By offering both advanced and simplified pathways for converting data into semantically rich, machine-readable formats, FAIRLinked lowers the barrier to adopting FAIR principles in the materials science community. Its modular design allows researchers to choose the workflow that best matches their technical expertise, data complexity, and intended use cases, thereby promoting greater data discoverability, interoperability, and reuse.
# InterfaceMDS Subpackage
import FAIRLinked.InterfaceMDS
Functions in Interface MDS allow users to interact with MDS-Onto and search for terms relevant to their domains. This includes loading MDS-Onto into an RDFLib Graph, view domains and subdomains, term search, and add new ontology terms to a local copy.
## Load latest version of MDS-Onto
import FAIRLinked.InterfaceMDS.load_mds_ontology
from FAIRLinked.InterfaceMDS.load_mds_ontology import load_mds_ontology_graph
mds_graph = load_mds_ontology_graph()
## View domains/subdomains in MDS-Onto
Terms in MDS-Onto are categorized under domains and subdomains, groupings related to topic areas currently being researched at SDLE and collaborators. More information about domains and subdomains can be found at here
import FAIRLinked.InterfaceMDS.domain_subdomain_viewer
from FAIRLinked.InterfaceMDS.domain_subdomain_viewer import domain_subdomain_viewer
domain_subdomain_viewer()
## View domains/subdomains tree in MDS-Onto
import FAIRLinked.InterfaceMDS.domain_subdomain_viewer
from FAIRLinked.InterfaceMDS.domain_subdomain_viewer import domain_subdomain_directory
domain_subdomain_directory()
Generate an actual file directory with sub-ontologies tagged by domain/subdomain:
import FAIRLinked.InterfaceMDS.load_mds_ontology
from FAIRLinked.InterfaceMDS.load_mds_ontology import load_mds_ontology_graph
from FAIRLinked.InterfaceMDS.domain_subdomain_viewer import domain_subdomain_directory
mds_graph = load_mds_ontology_graph()
domain_subdomain_directory(onto_graph=mds_graph, output_dir="path/to/output")
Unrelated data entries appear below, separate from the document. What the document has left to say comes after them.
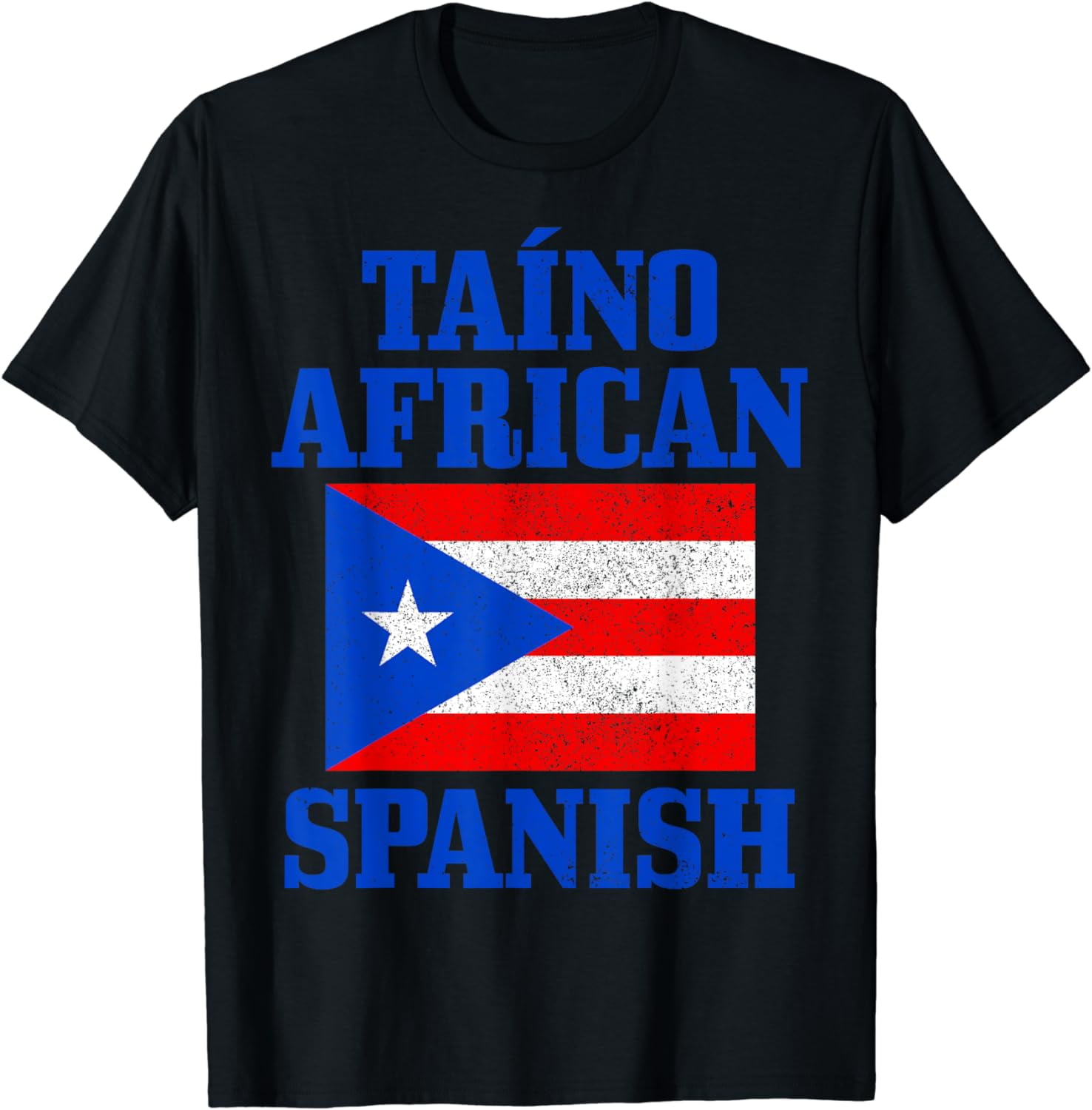Taino African Spanish Puerto Rico Flag Taina Boricua Boriken Cotton T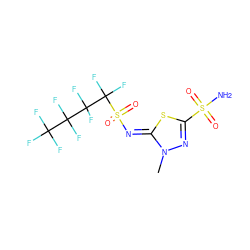 Cn1nc(S(N)(=O)=O)sc1=NS(=O)(=O)C(F)(F)C(F)(F)C(F)(F)C(F)(F)F ZINC000253646555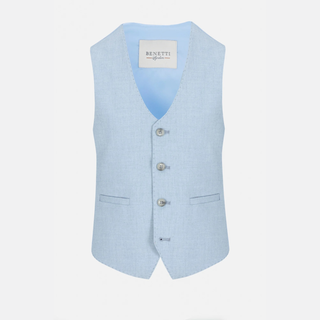 Light blue vest with a blue lining on a white background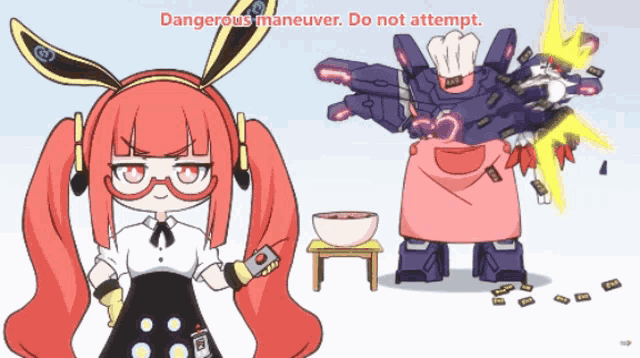 a cartoon of a girl and a robot with the words " dangerous maneuver do not attempt "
## Search for ontology terms
from FAIRLinked.InterfaceMDS.rdf_subject_extractor import extract_subject_details, fuzzy_filter_subjects_strict
from FAIRLinked.InterfaceMDS.load_mds_ontology import load_mds_ontology_graph
mds_graph = load_mds_ontology_graph()
onto_dataframe = extract_subject_details(mds_graph)
search_results = fuzzy_filter_subjects_strict(df=onto_dataframe, keywords=["Detector"])
print(search_results)
## Find Domain, Subdomain, and Study Stages
from FAIRLinked.InterfaceMDS.term_search_general import term_search_general
term_search_general(query_term="Chem-Rxn", search_types=["SubDomain"])
Save results to Turtle:
term_search_general(query_term="Chem-Rxn", search_types=["SubDomain"],
ttl_extr=1, ttl_path="path/to/output.ttl")
## Add a new term to Ontology
from FAIRLinked.InterfaceMDS.add_ontology_term import add_term_to_ontology
add_term_to_ontology("path/to/mds-onto/file.ttl")
# RDF Table Conversion Subpackage
import FAIRLinked.RDFTableConversion
Functions in this subpackage allow you to:
generate a JSON-LD metadata template from a CSV with MDS-compliant terms,
generate JSON-LDs filled with data and MDS semantic relationships,
convert a directory of JSON-LDs back into tabular format.
## Generate a JSON-LD template from CSV
from rdflib import Graph
from FAIRLinked.RDFTableConversion.csv_to_jsonld_mapper import json_ld_template_generator
mds_graph = Graph()
mds_graph.parse("path/to/ontology/file")
json_ld_template_generator(csv_path="path/to/data.csv",
ontology_graph=mds_graph,
output_path="path/to/output/template.jsonld",
matched_log_path="path/to/output/matched.log",
unmatched_log_path="path/to/output/unmatched.log")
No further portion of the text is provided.